Eugen nickte schläfrig.
Sogar ein Verstand wie der seine, sagte Gauß, hätte in frühen Menschheitsaltern oder an den Ufern des Orinoko nichts zu leisten vermocht, wohingegen jeder Dummkopf in zweihundert Jahren sich über ihn lustig machen und absurden Unsinn über seine Person erfinden könne. (9)
So etwas mag ich, das ist gut geschrieben.Gauß kam auf den Zufall zu sprechen, den Feind allen Wissens, den er immer habe besiegen wollen. Aus der Nähe betrachtet, sehe man hinter jedem Ereignis die unendliche Feinheit des Kausalgewebes. Trete man weit genug zurück, offenbahrten sich die großen Muster. Freiheit und Zufall seine eine Frage der mittleren Entfernung, eine Sache des Abstandes. Ob er verstehe?

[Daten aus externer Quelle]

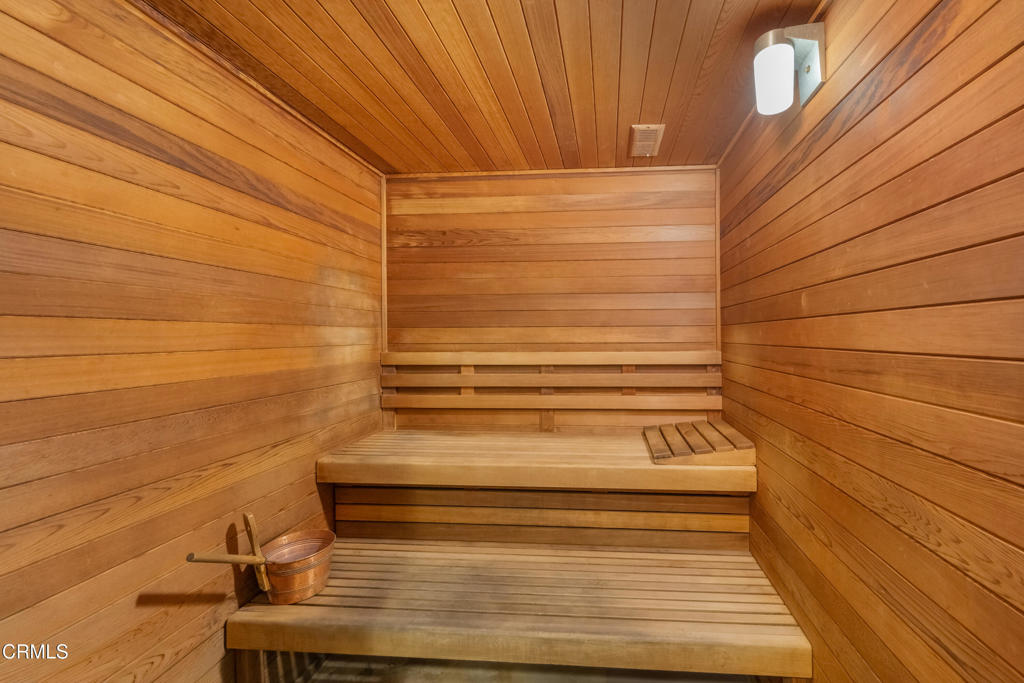 Wood-paneled sauna with two built-in benches and a bucket and ladle.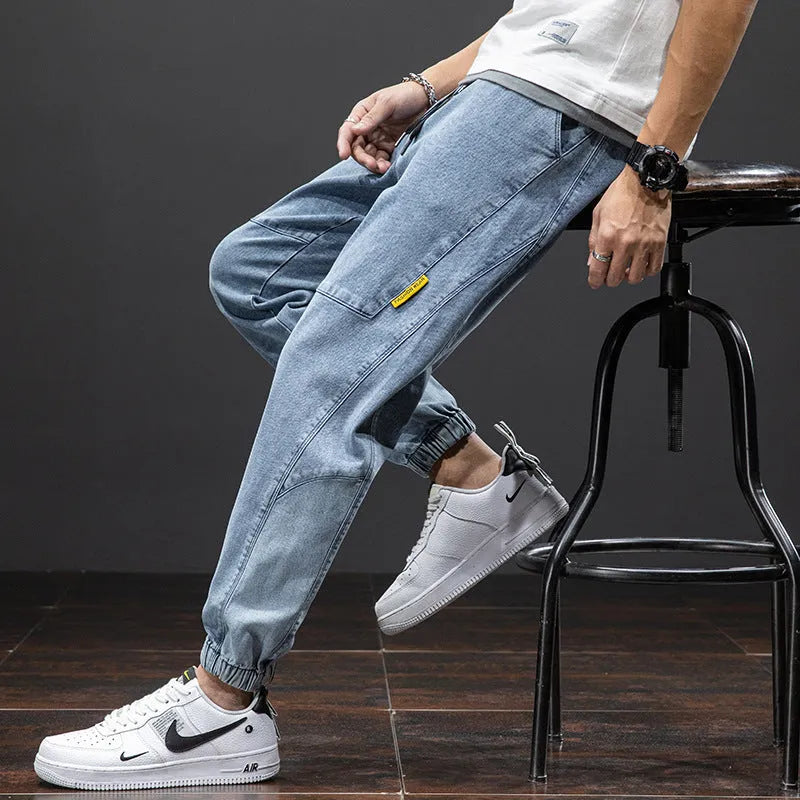 Men's loose fit cargo casual jeans in blue, showing straight leg and Korean style design.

So ungefähr, sagte Eugen müde (...).
Doch die Regeln der Wahrscheinlichkeit, fuhr Gauß fort, während er die Hände auf seinen schmerzenden Rücken preßte, gälten nicht zwingend. Sie seien keine Naturgesetze, Ausnahmen seien möglich. Zum Beispiel ein Intellekt wie seiner oder jene Gewinne beim Glücksspiel, die doch unleugbar ständig irgendein Strohkopf mache. Manchmal vermute er sogar, daß auch die Gesetze der Physik bloß statistisch wirkten, mithin Ausnahmen erlaubten: Gespenster oder die Übertragung der Gedanken.